EASTBIO -The Requirement for Epigenetic Mechanisms in establishing and maintaining Cell Identity

Cellular memory is regulated by epigenetic mechanisms that ensure the heritable characteristics of cells and functional differences between cell types, without changes to the DNA sequence. These epigenetic changes tie in with the influence of the signalling environment of the embryo on gene regulation. DNA methylation is a repressive epigenetic modification involving the covalent addition of a methyl group to cytosine by DNA methyltransferases (DNMTs). The relationship between DNA methylation and gene silencing is indirect for many genes, as global methylation levels affect silencing via the function of histone modifying complexes and the formation of higher order 3D chromatin structures. However, maintenance (Dnmt1) and de novo DNA methyltransferases (Dnmt3 and Dnmt3b) are essential for mouse development. Their inactivation leads to developmental failure during gastrulation stage that is associated with gene misexpression, implying that DNA methylation is required for later stage embryos when differentiation occurs, and methylation patterns are propagated through cell lineages. In vitro cultured mouse embryonic stem cells (mESCs) can self-renew without DNA methylation but are impaired for differentiation to most cell fates.
It is still not well understood why repressive epigenetic pathways are necessary for development and when they become operational in the transition from stem cells to differentiated cells. We have reported that dominant transcription factor networks operate independently from repressive epigenetic processes in mESCs and hypothesise that they engage with these epigenetic mechanisms during a transition process upon differentiation.
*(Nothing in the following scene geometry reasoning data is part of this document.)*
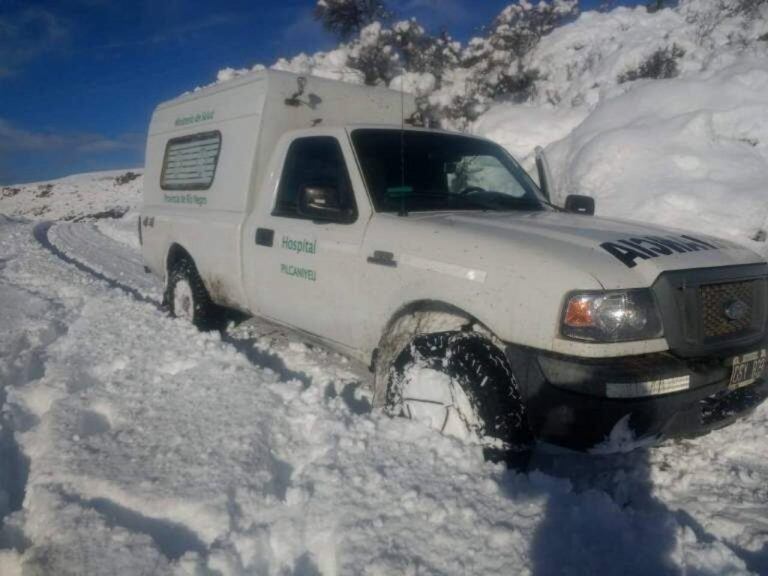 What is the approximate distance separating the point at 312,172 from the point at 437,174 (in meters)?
0.87

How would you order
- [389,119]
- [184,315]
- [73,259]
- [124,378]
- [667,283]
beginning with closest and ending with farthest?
[667,283] < [124,378] < [389,119] < [184,315] < [73,259]

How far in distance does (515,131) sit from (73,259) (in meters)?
8.45

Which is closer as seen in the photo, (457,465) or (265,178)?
(457,465)

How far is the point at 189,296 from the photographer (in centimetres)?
496

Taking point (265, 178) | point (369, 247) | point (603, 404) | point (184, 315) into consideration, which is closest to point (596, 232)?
point (603, 404)

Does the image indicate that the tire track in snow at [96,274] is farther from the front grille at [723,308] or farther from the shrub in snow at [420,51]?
the shrub in snow at [420,51]

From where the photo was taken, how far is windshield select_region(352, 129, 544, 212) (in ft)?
10.9

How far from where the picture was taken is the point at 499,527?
2066 mm

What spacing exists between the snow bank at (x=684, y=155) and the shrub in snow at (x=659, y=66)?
6.81 feet

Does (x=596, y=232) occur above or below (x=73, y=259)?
above

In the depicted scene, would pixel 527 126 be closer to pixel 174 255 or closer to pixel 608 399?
pixel 174 255

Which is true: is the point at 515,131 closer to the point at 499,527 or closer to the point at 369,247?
the point at 369,247

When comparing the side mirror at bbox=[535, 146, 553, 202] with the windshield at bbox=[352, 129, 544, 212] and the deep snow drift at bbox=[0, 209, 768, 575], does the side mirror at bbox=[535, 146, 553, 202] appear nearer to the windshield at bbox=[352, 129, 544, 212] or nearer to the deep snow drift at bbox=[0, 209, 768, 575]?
the windshield at bbox=[352, 129, 544, 212]

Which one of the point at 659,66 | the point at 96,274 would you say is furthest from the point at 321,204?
the point at 659,66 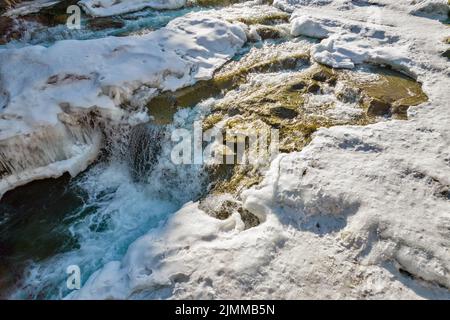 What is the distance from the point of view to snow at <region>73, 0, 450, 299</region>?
12.7 ft

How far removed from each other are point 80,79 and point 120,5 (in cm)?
455

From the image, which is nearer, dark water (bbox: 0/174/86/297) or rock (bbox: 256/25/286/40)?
dark water (bbox: 0/174/86/297)

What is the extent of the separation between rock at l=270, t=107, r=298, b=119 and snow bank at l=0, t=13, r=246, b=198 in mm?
1681

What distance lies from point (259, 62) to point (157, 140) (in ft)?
9.06

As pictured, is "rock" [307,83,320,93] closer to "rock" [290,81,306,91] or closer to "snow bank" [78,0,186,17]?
"rock" [290,81,306,91]

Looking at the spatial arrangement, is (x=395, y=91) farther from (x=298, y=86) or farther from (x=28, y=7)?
(x=28, y=7)

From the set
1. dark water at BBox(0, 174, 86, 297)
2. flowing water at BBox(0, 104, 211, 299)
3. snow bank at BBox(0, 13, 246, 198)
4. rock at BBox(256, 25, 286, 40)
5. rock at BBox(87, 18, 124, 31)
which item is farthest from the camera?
rock at BBox(87, 18, 124, 31)

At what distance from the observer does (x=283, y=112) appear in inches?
237

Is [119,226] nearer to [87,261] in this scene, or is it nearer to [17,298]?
[87,261]

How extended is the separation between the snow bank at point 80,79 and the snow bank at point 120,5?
2.59 meters

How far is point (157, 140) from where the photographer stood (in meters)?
6.03

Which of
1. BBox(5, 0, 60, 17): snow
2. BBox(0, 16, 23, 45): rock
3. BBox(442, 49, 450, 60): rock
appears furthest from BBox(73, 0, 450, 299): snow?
BBox(5, 0, 60, 17): snow

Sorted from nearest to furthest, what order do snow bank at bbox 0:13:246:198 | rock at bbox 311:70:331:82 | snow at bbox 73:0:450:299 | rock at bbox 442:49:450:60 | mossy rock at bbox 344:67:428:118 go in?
1. snow at bbox 73:0:450:299
2. snow bank at bbox 0:13:246:198
3. mossy rock at bbox 344:67:428:118
4. rock at bbox 311:70:331:82
5. rock at bbox 442:49:450:60

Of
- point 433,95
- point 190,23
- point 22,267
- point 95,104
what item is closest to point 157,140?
point 95,104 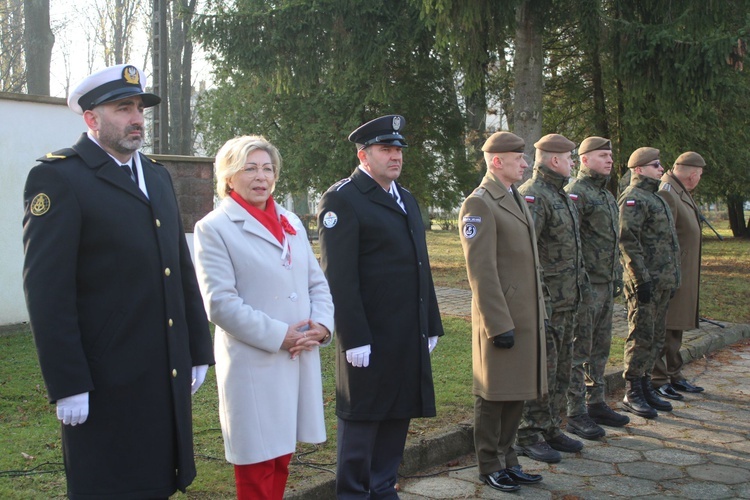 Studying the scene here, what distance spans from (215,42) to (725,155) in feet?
35.8

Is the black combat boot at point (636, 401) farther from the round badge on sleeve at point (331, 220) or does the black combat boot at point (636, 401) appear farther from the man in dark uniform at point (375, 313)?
the round badge on sleeve at point (331, 220)

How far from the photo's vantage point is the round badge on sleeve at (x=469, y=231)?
17.3 ft

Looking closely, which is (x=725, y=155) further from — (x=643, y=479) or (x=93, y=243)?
(x=93, y=243)

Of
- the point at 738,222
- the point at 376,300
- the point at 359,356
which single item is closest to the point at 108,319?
the point at 359,356

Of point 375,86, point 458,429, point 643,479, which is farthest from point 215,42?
point 643,479

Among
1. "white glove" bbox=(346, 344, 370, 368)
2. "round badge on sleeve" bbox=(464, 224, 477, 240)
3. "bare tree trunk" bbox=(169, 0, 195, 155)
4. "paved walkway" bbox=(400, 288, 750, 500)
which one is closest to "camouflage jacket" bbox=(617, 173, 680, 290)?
"paved walkway" bbox=(400, 288, 750, 500)

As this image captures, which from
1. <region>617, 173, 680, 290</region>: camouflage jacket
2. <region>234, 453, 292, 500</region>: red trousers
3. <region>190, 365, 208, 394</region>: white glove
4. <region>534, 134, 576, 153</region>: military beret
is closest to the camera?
<region>190, 365, 208, 394</region>: white glove

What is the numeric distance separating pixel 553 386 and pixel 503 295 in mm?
1075

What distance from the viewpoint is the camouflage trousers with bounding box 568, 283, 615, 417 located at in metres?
6.31

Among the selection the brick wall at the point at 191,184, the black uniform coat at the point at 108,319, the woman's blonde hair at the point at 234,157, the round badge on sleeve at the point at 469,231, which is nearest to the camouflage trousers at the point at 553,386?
the round badge on sleeve at the point at 469,231

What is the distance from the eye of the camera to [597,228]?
654cm

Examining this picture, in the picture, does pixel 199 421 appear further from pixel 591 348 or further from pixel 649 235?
pixel 649 235

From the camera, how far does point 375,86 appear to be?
14.8 metres

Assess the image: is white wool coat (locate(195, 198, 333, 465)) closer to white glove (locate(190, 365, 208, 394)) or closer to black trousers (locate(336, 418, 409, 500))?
white glove (locate(190, 365, 208, 394)) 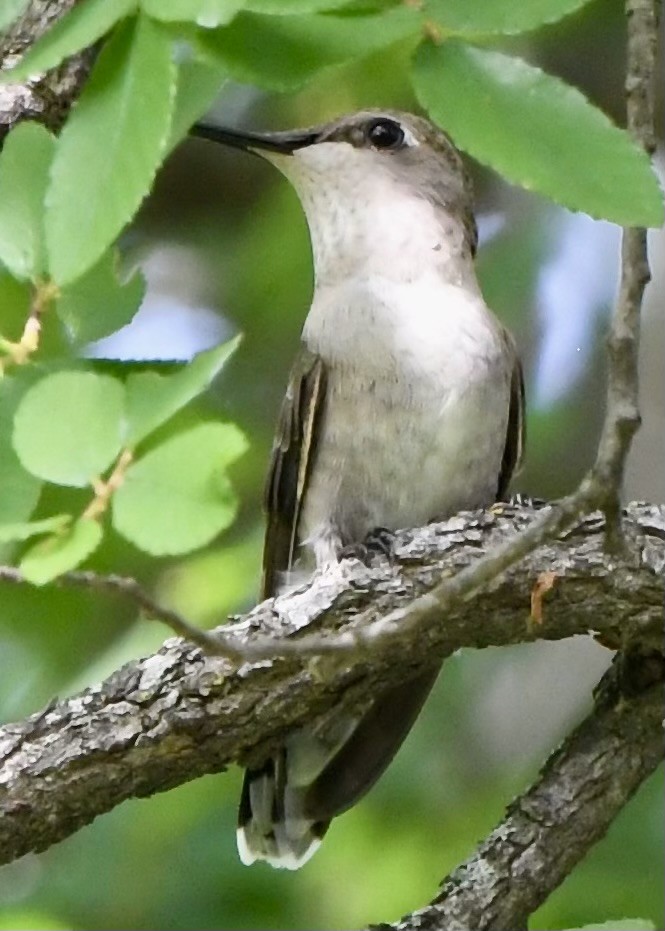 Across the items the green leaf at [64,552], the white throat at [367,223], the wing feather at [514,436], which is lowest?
the green leaf at [64,552]

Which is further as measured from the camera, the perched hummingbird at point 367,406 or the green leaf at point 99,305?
the perched hummingbird at point 367,406

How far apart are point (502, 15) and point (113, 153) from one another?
0.80 feet

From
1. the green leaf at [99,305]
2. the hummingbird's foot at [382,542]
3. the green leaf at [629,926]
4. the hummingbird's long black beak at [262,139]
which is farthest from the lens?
the hummingbird's long black beak at [262,139]

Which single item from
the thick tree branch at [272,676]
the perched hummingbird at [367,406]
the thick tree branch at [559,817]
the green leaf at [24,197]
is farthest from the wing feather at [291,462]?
the green leaf at [24,197]

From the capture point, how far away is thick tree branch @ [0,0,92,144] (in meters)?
1.48

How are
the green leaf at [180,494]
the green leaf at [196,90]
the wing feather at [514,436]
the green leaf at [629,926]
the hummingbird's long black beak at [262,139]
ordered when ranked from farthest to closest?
the wing feather at [514,436] → the hummingbird's long black beak at [262,139] → the green leaf at [629,926] → the green leaf at [196,90] → the green leaf at [180,494]

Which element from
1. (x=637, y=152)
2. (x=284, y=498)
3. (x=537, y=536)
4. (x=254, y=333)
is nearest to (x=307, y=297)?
(x=254, y=333)

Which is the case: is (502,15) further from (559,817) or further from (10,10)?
(559,817)

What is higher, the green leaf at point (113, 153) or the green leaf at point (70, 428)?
the green leaf at point (113, 153)

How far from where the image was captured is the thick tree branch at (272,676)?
1455mm

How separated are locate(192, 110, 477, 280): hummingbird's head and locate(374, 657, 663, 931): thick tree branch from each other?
Answer: 2.37 ft

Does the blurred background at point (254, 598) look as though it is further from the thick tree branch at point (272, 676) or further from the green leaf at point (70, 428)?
the green leaf at point (70, 428)

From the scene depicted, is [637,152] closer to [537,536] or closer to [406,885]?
[537,536]

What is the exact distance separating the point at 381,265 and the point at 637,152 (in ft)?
3.77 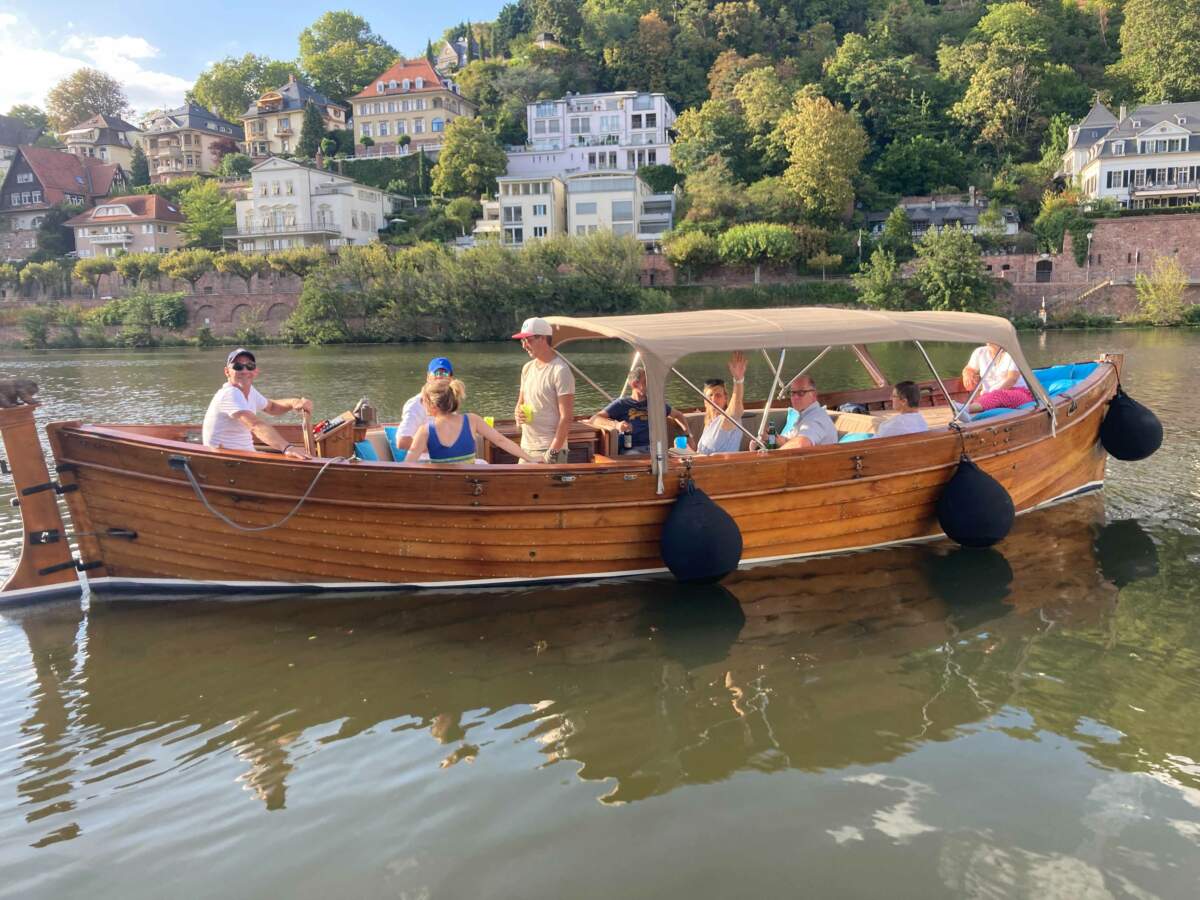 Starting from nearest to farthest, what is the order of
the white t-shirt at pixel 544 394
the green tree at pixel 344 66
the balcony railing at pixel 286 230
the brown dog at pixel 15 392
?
the brown dog at pixel 15 392, the white t-shirt at pixel 544 394, the balcony railing at pixel 286 230, the green tree at pixel 344 66

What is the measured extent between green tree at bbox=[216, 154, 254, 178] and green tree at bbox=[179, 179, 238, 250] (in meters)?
7.78

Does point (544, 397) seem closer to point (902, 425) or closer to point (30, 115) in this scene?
point (902, 425)

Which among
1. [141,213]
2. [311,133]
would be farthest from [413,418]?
[311,133]

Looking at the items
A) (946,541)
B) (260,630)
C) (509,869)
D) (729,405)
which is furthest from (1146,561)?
(260,630)

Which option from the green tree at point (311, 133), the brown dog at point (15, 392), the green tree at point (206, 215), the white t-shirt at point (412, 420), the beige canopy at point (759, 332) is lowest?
the white t-shirt at point (412, 420)

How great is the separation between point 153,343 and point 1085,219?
215 ft

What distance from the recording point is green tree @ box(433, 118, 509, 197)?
3120 inches

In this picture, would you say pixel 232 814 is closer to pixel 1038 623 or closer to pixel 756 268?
pixel 1038 623

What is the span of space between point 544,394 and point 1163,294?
54.4 m

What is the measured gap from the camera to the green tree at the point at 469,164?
79.2 m

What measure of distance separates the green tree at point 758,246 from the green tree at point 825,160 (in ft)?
16.1

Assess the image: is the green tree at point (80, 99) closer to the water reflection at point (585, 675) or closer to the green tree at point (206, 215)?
the green tree at point (206, 215)

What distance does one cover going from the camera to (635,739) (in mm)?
5652

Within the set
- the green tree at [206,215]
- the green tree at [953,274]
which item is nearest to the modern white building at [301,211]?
the green tree at [206,215] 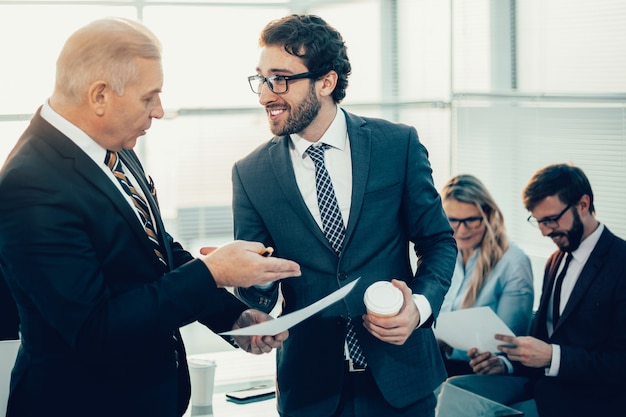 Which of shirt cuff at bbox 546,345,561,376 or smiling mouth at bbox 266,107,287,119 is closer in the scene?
smiling mouth at bbox 266,107,287,119

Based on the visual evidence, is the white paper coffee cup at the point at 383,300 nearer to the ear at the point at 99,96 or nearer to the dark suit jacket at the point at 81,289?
the dark suit jacket at the point at 81,289

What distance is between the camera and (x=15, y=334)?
74.2 inches

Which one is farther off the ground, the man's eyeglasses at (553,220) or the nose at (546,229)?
the man's eyeglasses at (553,220)

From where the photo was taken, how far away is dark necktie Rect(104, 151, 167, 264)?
166 centimetres

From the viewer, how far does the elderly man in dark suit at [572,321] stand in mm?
2814

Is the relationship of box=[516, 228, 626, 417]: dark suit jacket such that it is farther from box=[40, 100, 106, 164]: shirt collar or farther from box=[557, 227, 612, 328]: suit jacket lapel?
box=[40, 100, 106, 164]: shirt collar

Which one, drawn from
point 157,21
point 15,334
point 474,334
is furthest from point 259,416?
point 157,21

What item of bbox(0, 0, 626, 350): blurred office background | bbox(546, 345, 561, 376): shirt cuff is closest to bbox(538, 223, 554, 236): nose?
bbox(546, 345, 561, 376): shirt cuff

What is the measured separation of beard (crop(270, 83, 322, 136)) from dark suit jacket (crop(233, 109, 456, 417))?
6cm

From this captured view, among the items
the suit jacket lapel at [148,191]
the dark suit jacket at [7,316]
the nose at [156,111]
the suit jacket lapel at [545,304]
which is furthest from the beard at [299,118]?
the suit jacket lapel at [545,304]

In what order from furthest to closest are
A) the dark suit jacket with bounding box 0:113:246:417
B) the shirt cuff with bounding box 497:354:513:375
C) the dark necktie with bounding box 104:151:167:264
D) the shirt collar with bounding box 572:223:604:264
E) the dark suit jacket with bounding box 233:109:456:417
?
the shirt cuff with bounding box 497:354:513:375
the shirt collar with bounding box 572:223:604:264
the dark suit jacket with bounding box 233:109:456:417
the dark necktie with bounding box 104:151:167:264
the dark suit jacket with bounding box 0:113:246:417

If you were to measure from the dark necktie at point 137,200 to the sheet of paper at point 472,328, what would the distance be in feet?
5.52

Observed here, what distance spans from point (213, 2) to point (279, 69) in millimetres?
1445

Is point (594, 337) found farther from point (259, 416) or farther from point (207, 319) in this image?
point (207, 319) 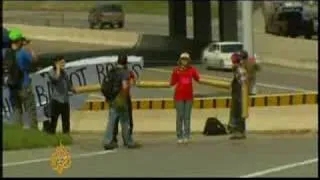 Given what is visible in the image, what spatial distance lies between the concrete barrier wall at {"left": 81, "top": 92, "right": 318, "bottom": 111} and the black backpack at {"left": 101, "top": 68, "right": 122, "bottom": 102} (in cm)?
497

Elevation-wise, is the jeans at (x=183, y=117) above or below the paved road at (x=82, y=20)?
above

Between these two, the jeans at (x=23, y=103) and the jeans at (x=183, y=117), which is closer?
the jeans at (x=23, y=103)

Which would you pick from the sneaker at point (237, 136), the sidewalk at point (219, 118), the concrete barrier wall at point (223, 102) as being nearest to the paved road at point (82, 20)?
the concrete barrier wall at point (223, 102)

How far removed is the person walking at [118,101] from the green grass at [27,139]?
0.82 m

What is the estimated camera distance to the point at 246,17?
94.8ft

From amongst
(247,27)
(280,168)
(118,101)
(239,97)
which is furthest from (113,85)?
(247,27)

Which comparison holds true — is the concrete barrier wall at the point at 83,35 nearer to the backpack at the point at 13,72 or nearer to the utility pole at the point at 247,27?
the utility pole at the point at 247,27

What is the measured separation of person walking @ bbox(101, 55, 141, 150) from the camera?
14539 millimetres

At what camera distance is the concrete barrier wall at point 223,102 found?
2008cm

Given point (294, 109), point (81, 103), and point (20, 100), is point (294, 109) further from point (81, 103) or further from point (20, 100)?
point (20, 100)

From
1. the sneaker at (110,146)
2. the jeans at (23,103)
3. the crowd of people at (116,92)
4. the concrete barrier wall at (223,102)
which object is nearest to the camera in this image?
the sneaker at (110,146)

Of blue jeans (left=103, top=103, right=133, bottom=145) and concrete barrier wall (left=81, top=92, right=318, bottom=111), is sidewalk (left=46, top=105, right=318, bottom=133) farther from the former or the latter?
blue jeans (left=103, top=103, right=133, bottom=145)

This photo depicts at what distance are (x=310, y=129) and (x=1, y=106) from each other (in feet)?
19.5

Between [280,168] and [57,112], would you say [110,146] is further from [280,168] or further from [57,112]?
[280,168] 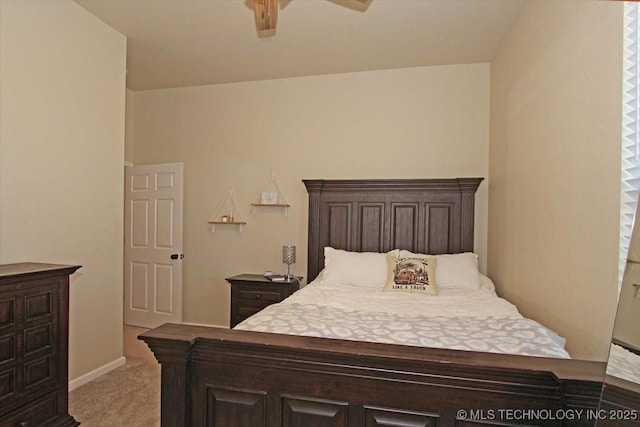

To address these research questions, we will use mESC model systems, in which the global DNA methylation levels can be controlled. Colour markers in the cells will report on DNA methylation and differentiation status, or alternatively, cell stress status. The first aim is to determine the lower threshold of DNA hypomethylation necessary for differentiation. We will assess how this affects the generation of cell types of the three germ layers in embryoid body differentiation models and other embryo-like assemblies. We will identify factors critical for these transitions at threshold conditions based on gene expression changes. Conversely, we aim to determine the effects of controlled DNA methylation loss on somatic cells derived from these mESCs, to determine the DNA methylation threshold for hypomethylated somatic cells that is necessary to retain their identity. We will identify the factors involved in this process and compare the requirements of different cell types, including neuronal, heart and liver cells, of which our labs have expertise. Candidate gene expression will be individually validated in cultured embryos, and in vitro models for embryonic blastocyst and gastrulation assemblies and somatic cell organoids.
This project will contribute novel insights into ‘the rules of life’ by asking a fundamental question of how our cells would function in the absence of epigenetic mechanisms, to determine how cells rely on these pathways. Previous work suggests that the integrity of epigenetic mechanisms is linked with healthy ageing and understanding its precise role may identify possible new targets for regenerative therapy of chronic and degenerative conditions.